◆ **Assignment**:
For the material below, reproduce exactly each line from the one that has "El entrenador del" through the one that has "2010' Renault Laguna", and no others; pictures stay out.
====
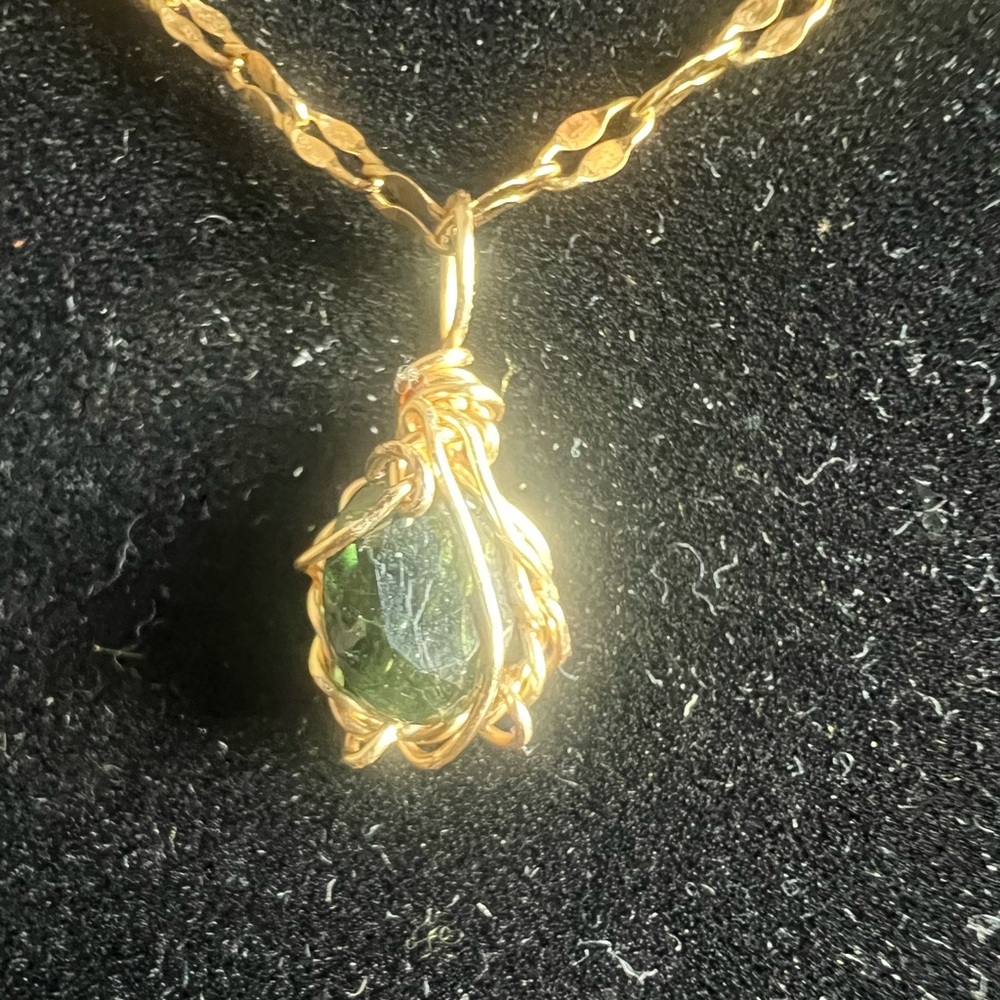 Deep Green Gemstone Choker on Sparkly Gold Chain — 14" Fit - Picture 7 of 17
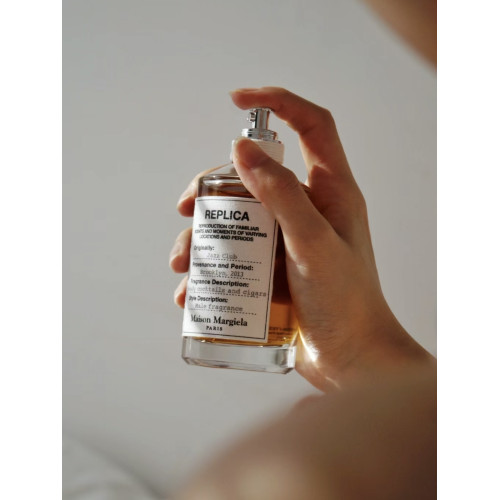 梅森馬丁馬吉拉香水慵懶周末爵士酒廊溫暖壁爐梧葉秋聲航海密語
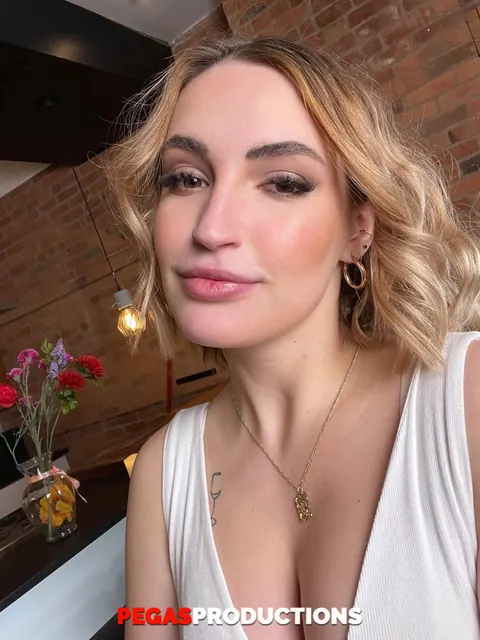 Nina Rox: Slim Blonde with Short Hair Teases in Her Outfit – photo 16 of 20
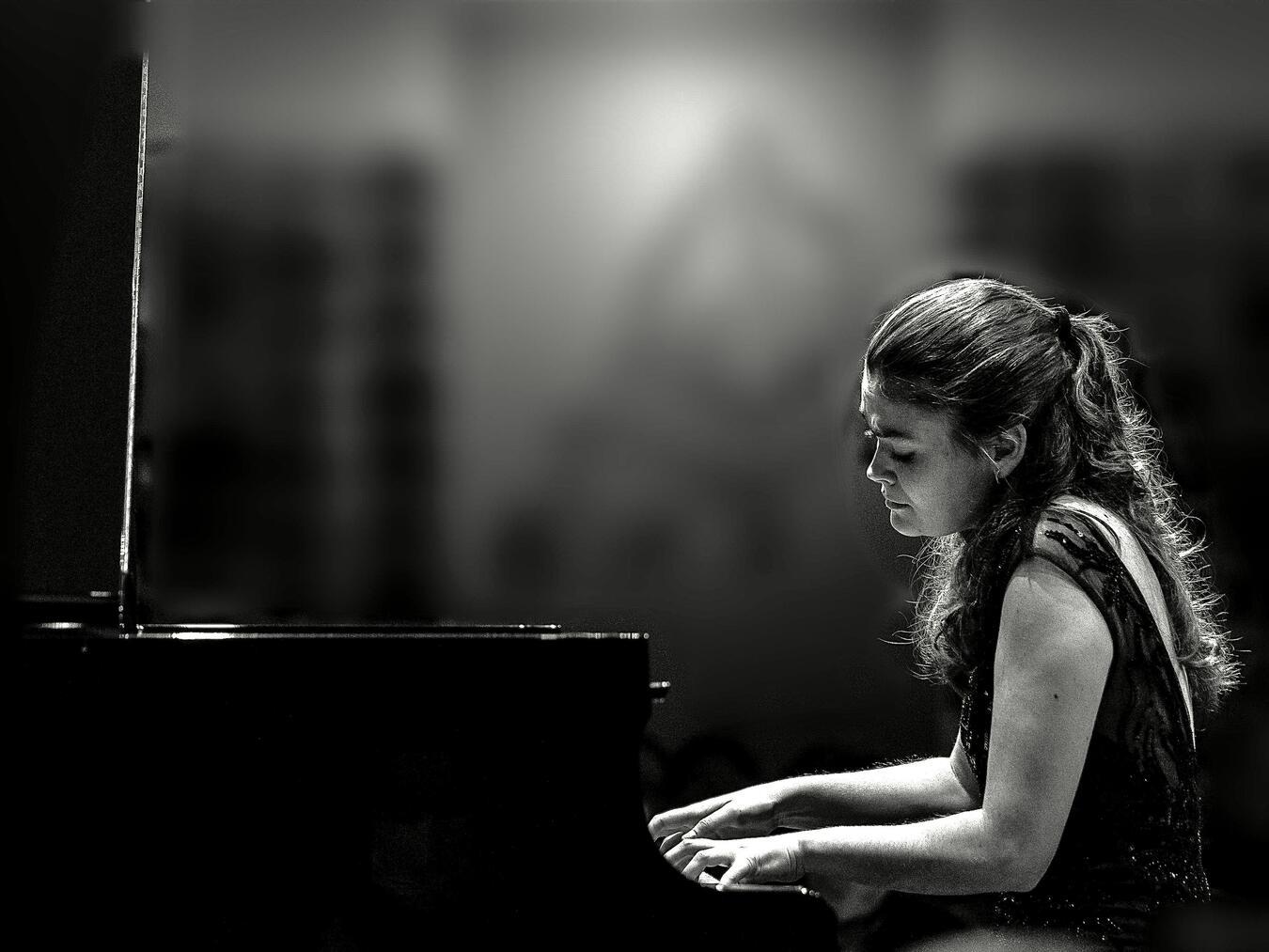 Die belgische Pianistin Victoria Nava spielt nach Brüssel und Düsseldorf nun in Emmerich. Foto: Maria Diez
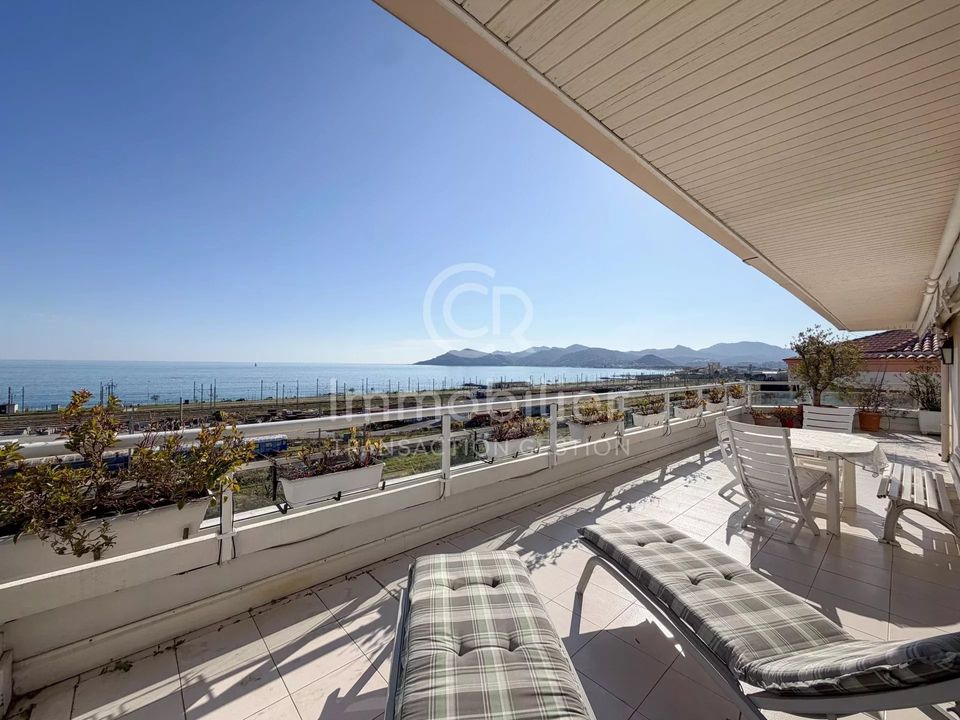 Lejlighed i Cannes-la-Bocca, Alpes-Maritimes - foto 1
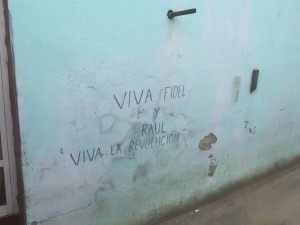 Viva Fidel y Raul, Viva La Revolución ここまでテキトーな殴り書きだと、逆に愛を感じます。
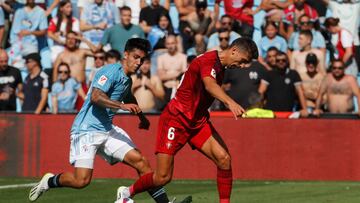 El entrenador del Celta de Vigo Hugo Sotelo pelea por el balón con Lucas Torró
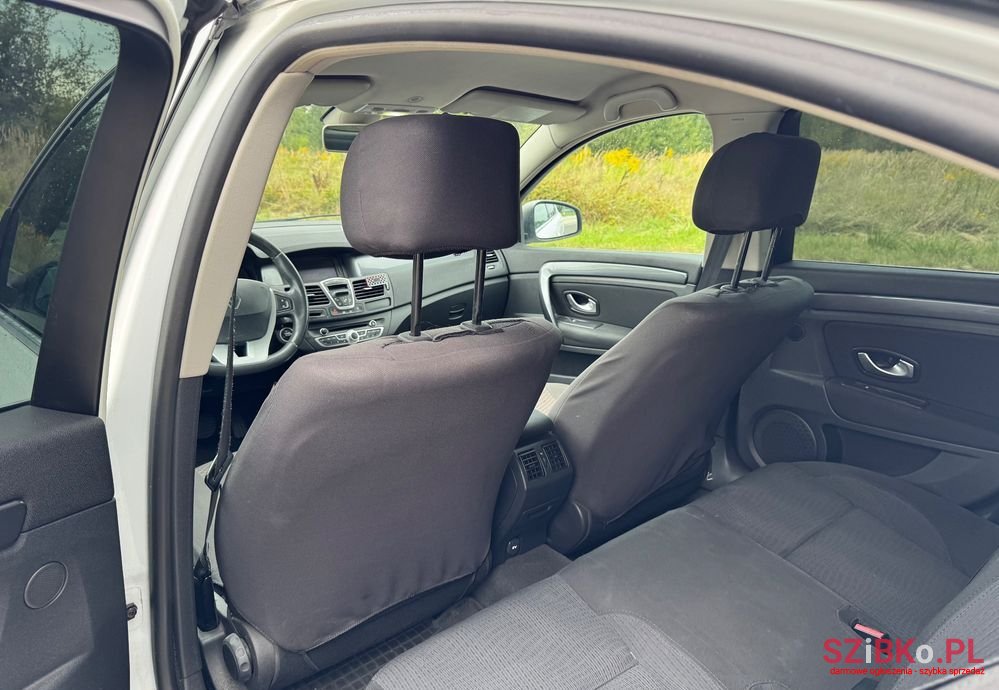 2010' Renault Laguna 2.0 Dci Authentique photo #5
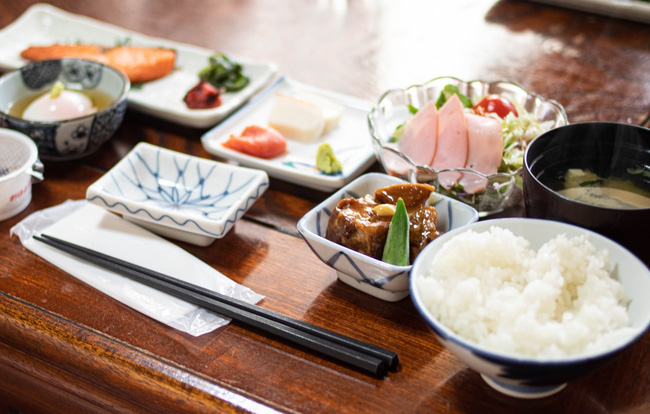 Hóa ra bí quyết sống thọ và trẻ lâu của người Nhật đến từ bữa cơm hàng ngày, đặc biệt là 7 quy tắc vàng” không phải người dân quốc gia nào cũng làm được-1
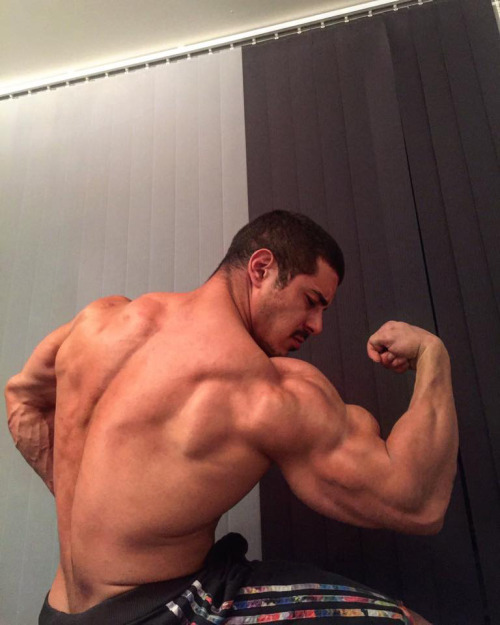 londonboy45:  He can only sleep after a hot groping session.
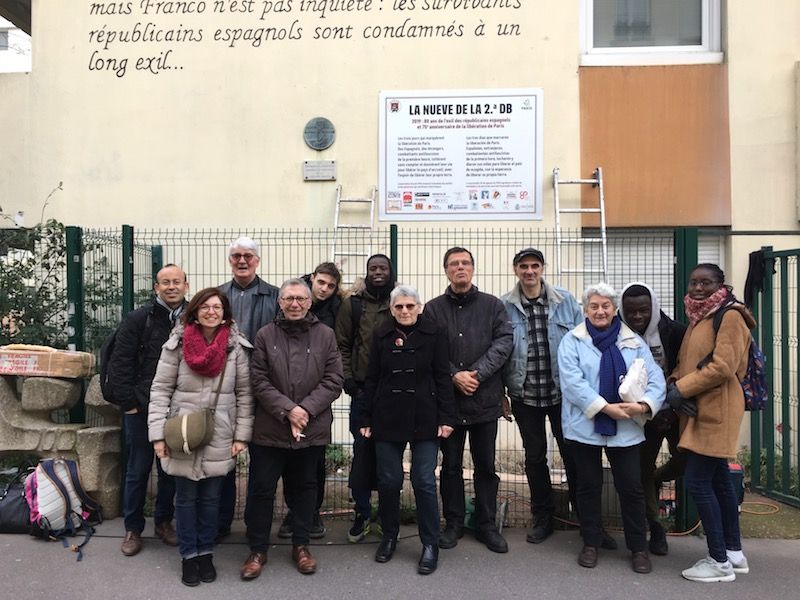 Le groupe poseurs/spectateurs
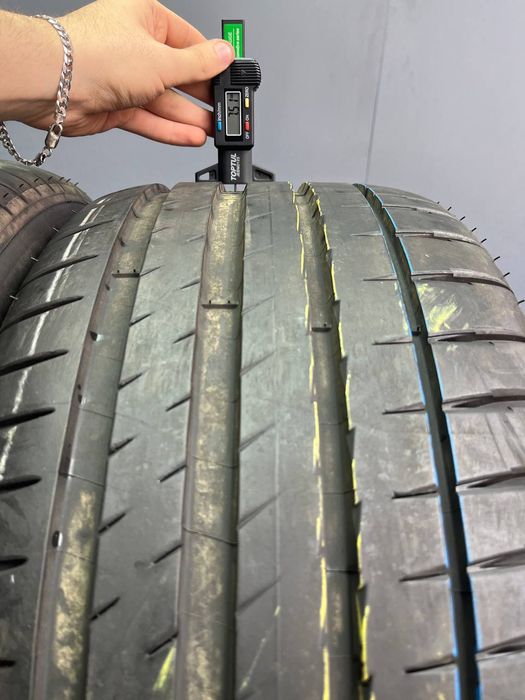 Шины БУ 255 40 235 45 R 17 Michelin pilot sport 4 Разноширокий Лето
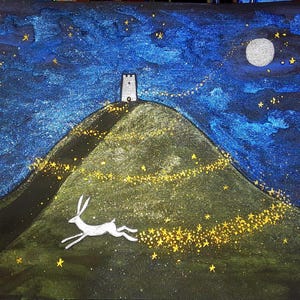 Peut inclure: Peinture acrylique d'un paysage nocturne avec un lièvre blanc sautant sur une colline verte. Une tour en pierre se dresse sur la colline, sous un ciel bleu étoilé avec une pleine lune. Des étoiles dorées et des traînées de lumière embellissent la scène.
====
◆ **Response for this exercise**:
 El entrenador del Celta de Vigo Hugo Sotelo pelea por el balón con Lucas Torró
 2010' Renault Laguna 2.0 Dci Authentique photo #5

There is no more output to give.